Hindutva: Hindistan’da İslam Karşıtlığının İdeolojik Temelleri

Paylaş

Hindistan’da İslam karşıtlığı, bugünlerde ana akım siyasetin merkezinde yer alan en öncelikli tartışmalardan birine karşılık geliyor. Öyle ki küresel düzlemde olduğu gibi, ülkede de gündem tamamen Corona Virüs tartışmalarına kanalize olmuş olsa da, yine de İslam karşıtlığı üzerinden siyaset yapılmaya devam ediliyor. Bu açıdan ülkedeki İslam karşıtı geleneğin Pakistan karşıtlığı, Babürlülerin mirası gibi birkaç farklı damardan beslendiği iddia edilebilecekken, bu çalışmada ise 20. yüzyılın başlarından bu yana filizlenen ve gelinen noktada büyük bir sosyo-politik dalgaya karşılık gelen meselenin ideolojik boyutu ele alınmaya çalışılacaktır. Bu bağlamda Hindutva olarak anılan, ülke siyasetinde tüm oyunun kurallarını yeniden yazdıran Hindu milliyetçiliği analiz edilmeye çalışılacaktır. Hindutva’nın sadece ülke siyasetini değil, küresel siyasete de etki eden bir kapasitesinin bulunması ve ilhamını Siyonizm’den aldığı yönündeki tartışmalar ise konuyu daha da derinleştirmekte ve meselenin önemini bir kez daha gözler önüne sermektedir.

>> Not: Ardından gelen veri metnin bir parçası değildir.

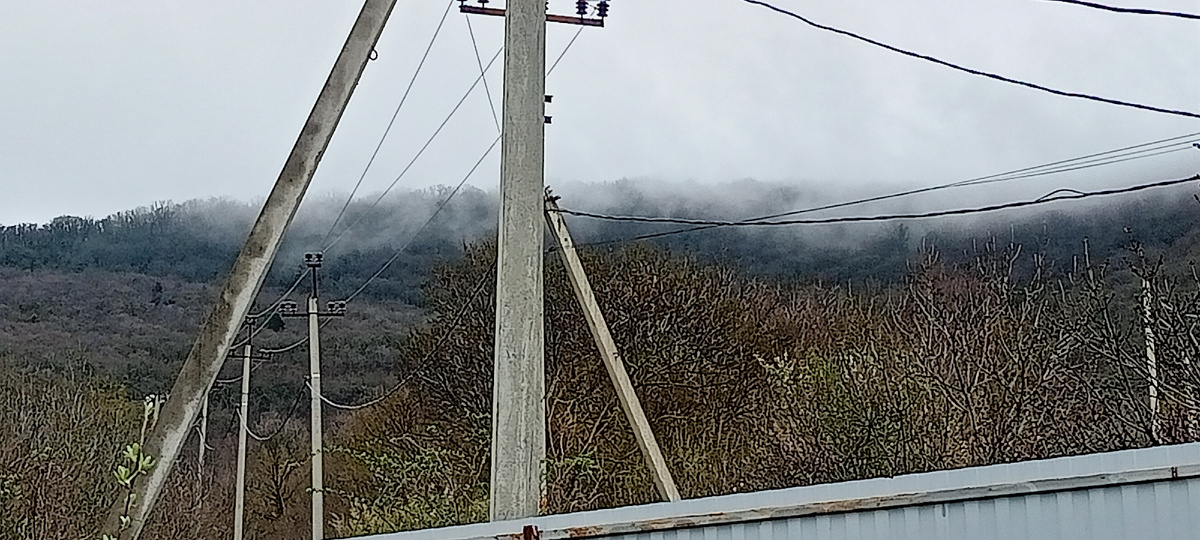 Туча на моей горе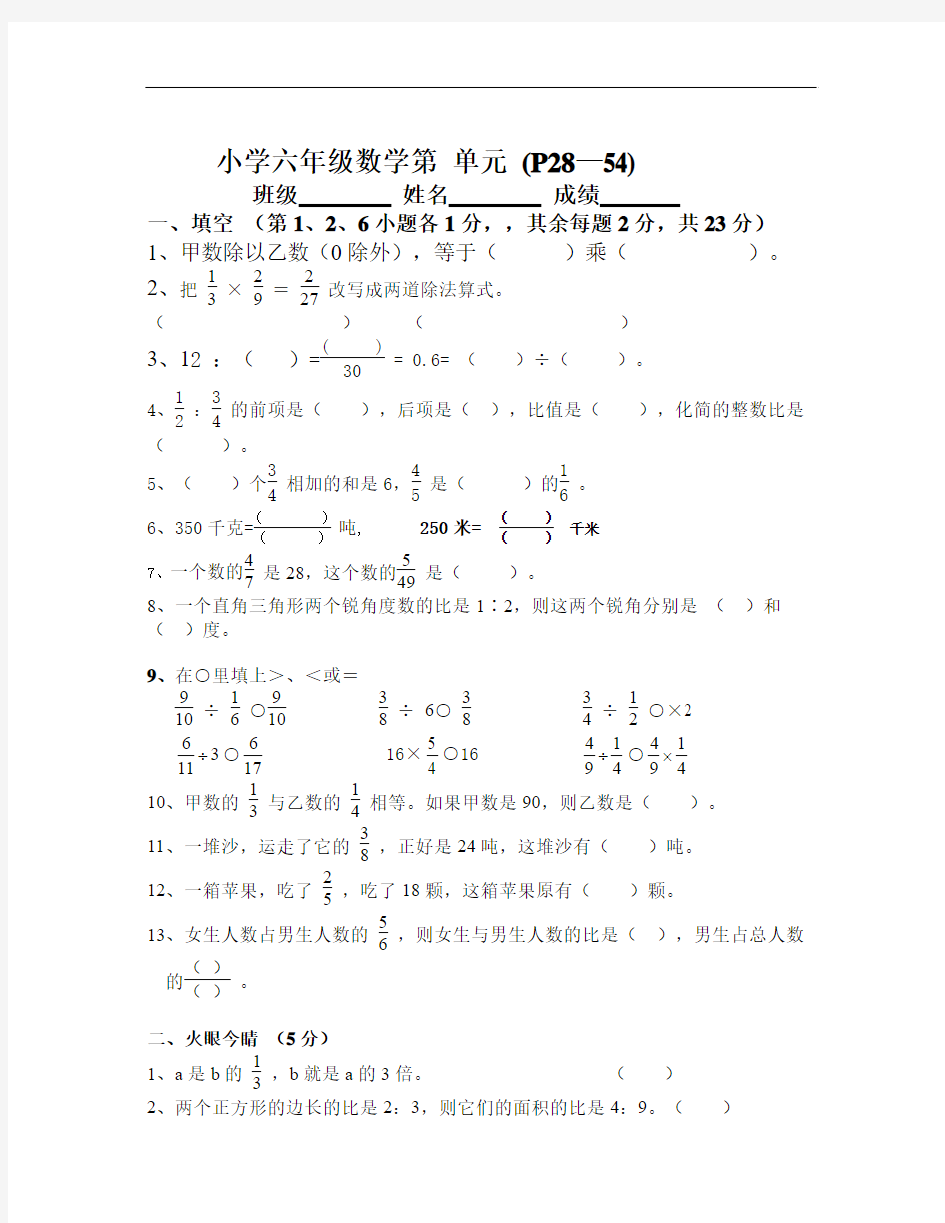 六年级上册第三单元《分数除法》测试题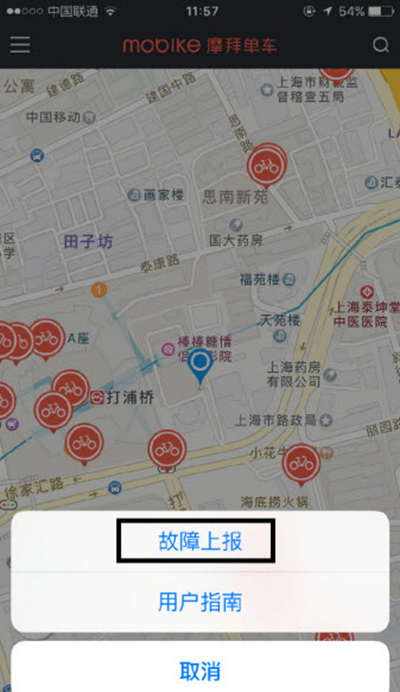 《摩拜单车》举报功能的使用方法介绍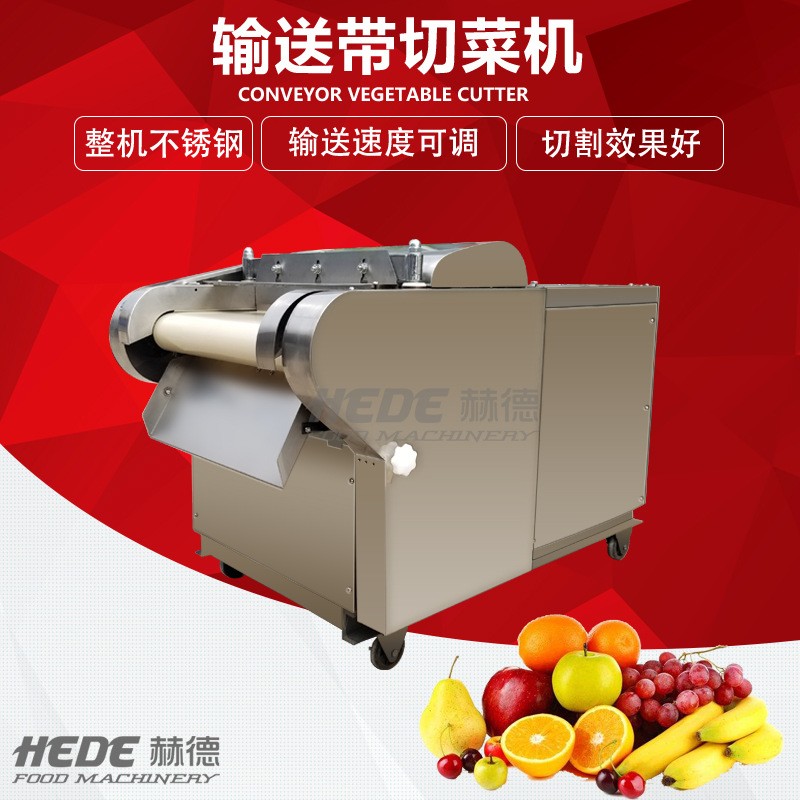 赫德機(jī)械商用不銹鋼切菜機(jī) 芹菜蒜薹切段機(jī) 海帶海白菜切絲機(jī)
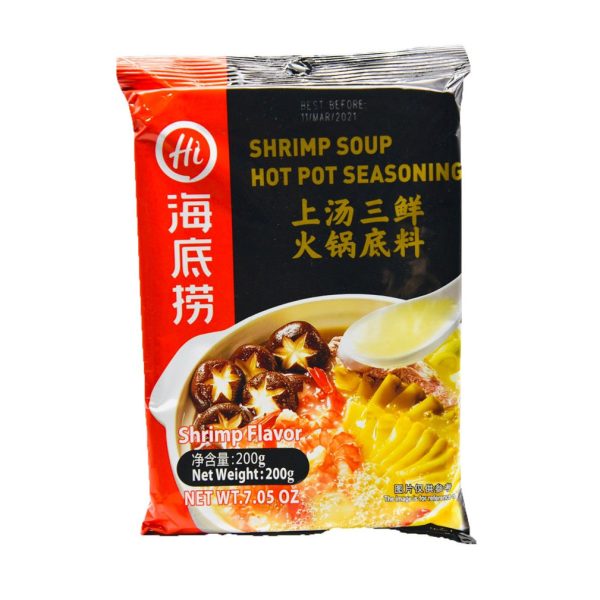 Laopai Seafood Fla. Hot Pot Seasoning on Sale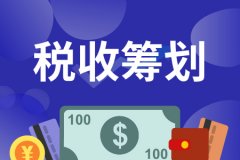 企業(yè)如何有效的進(jìn)行稅務(wù)籌劃？合理節(jié)稅80%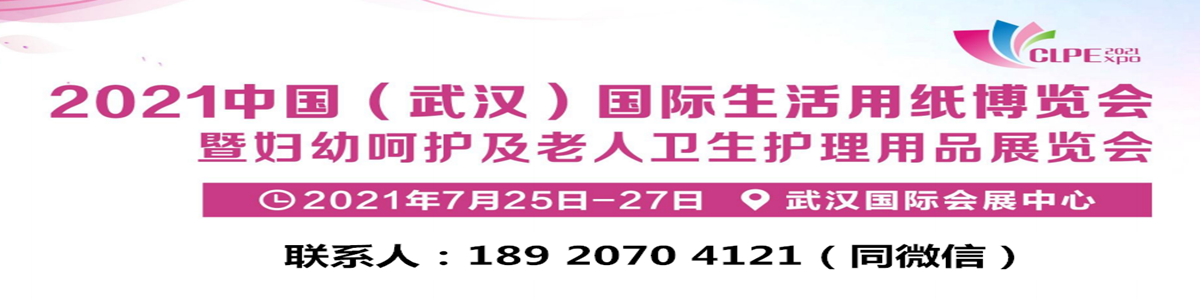 2021�й����人������������ֽ������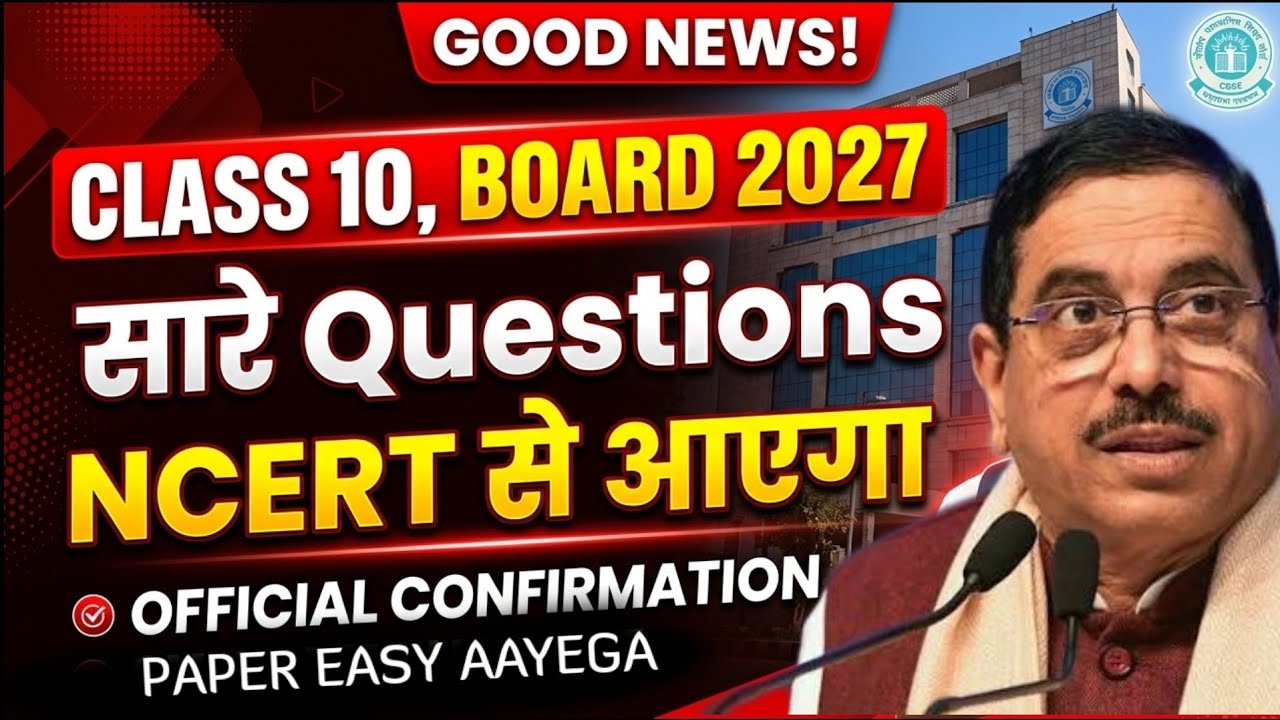 Good News for Class 10/12 🥳 | Board Exam 2027 🔥 | Will all questions be from the NCERT Book?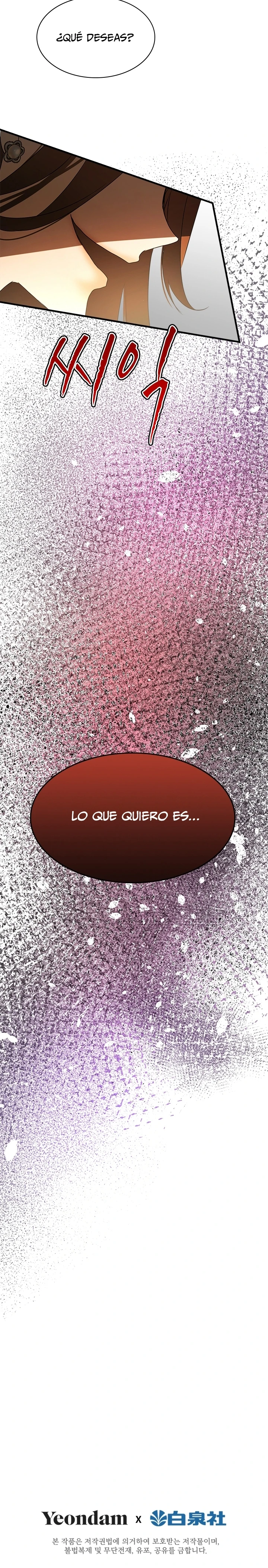 Alguien Por Favor Detenga a Mis Hermanos capítulo 32, página 33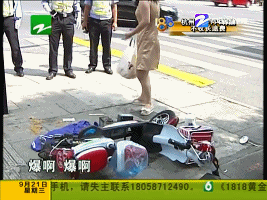 99热精品在线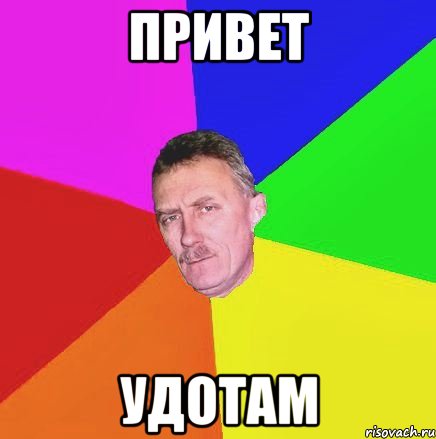 Привет Удотам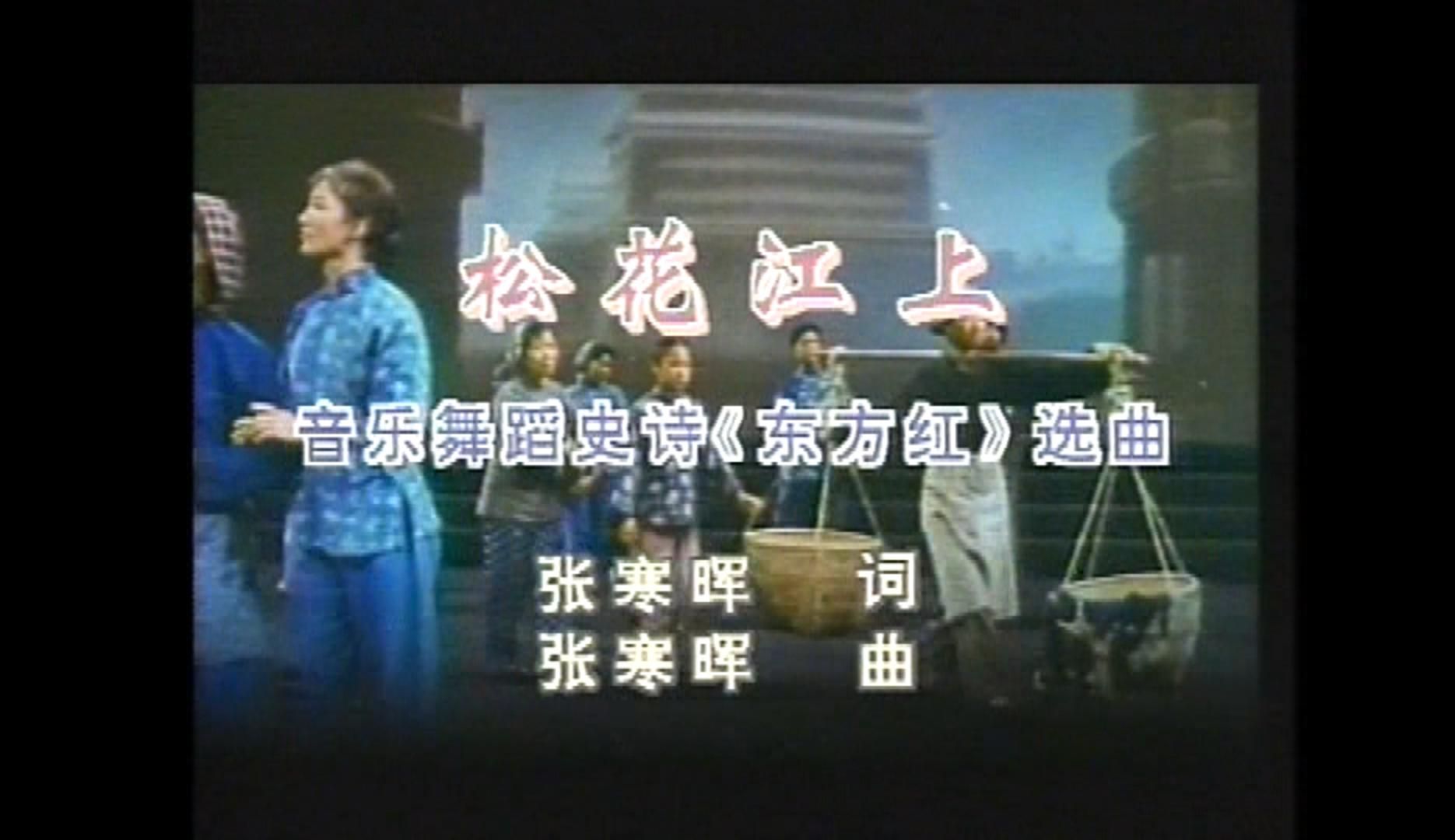 东方红歌曲视频(东方红歌曲视频完整版)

Hindutva’nın diğer yandan küresel siyasette İslami hareketlerin yükselişe geçtiği aynı dönemde yeniden ivme kazanması ise özellikle Güney Asya siyasetinde daima şüpheyle karşılanmıştır. Ortadoğu’da İhvan-ı Müslümin, Güney Asya’da ise Cemaat-i İslami gibi İslami hareketler yükselirken, Hindu milliyetçiliğinin yeniden mobilize edilmesi yükselen İslami dalgaya karşı bir ters dalganın inşa edilmiş olabileceği şeklinde yorumlanmıştır. Bunun aksine bir ters dalgadan ziyade, kültürel milliyetçilik temelinde birçok ülkede yükselen muhafazakar milliyetçiliğin bir varyantı şeklinde de değerlendirmeler yapılmışken; gelinen noktada Hindutva’nın en önde gelen ötekisinin Müslümanlar olduğu ve gerek sözde küresel İslami terörizm, gerek Pakistan karşıtlığı gerekse de ülkedeki Babürlülerin mirası üzerinden İslam korkusunu sürekli dinamik tuttuğu önemli bir realitedir. Hindutva olmasaydı küresel düzenin nasıl bir yapıya sahip olacağı ve de İslam dünyasının bu yapı içerisinde nasıl bir pozisyonda yer alacağı ayrı bir tartışma konusuyken; Hindutva’nın bugün itibariyle Hindistan’da ve bölgede sahip olduğu etki kapasitesini analiz etmek gerekiyor. Bu açıdan çalışmada öncelikle Hindutva’nın bir fikir olarak ortaya çıkışı, ardından kitleselleşerek Hindu kitleleri nasıl mobilize ettiği ve kurumsallaşarak parti siyasetinde nasıl ana akıma oturduğu tartışılmaya çalışılacaktır. Siyonizm ağları ile olan ideolojik ilişkiler ise dış politika bağlamında değerlendirilecektir.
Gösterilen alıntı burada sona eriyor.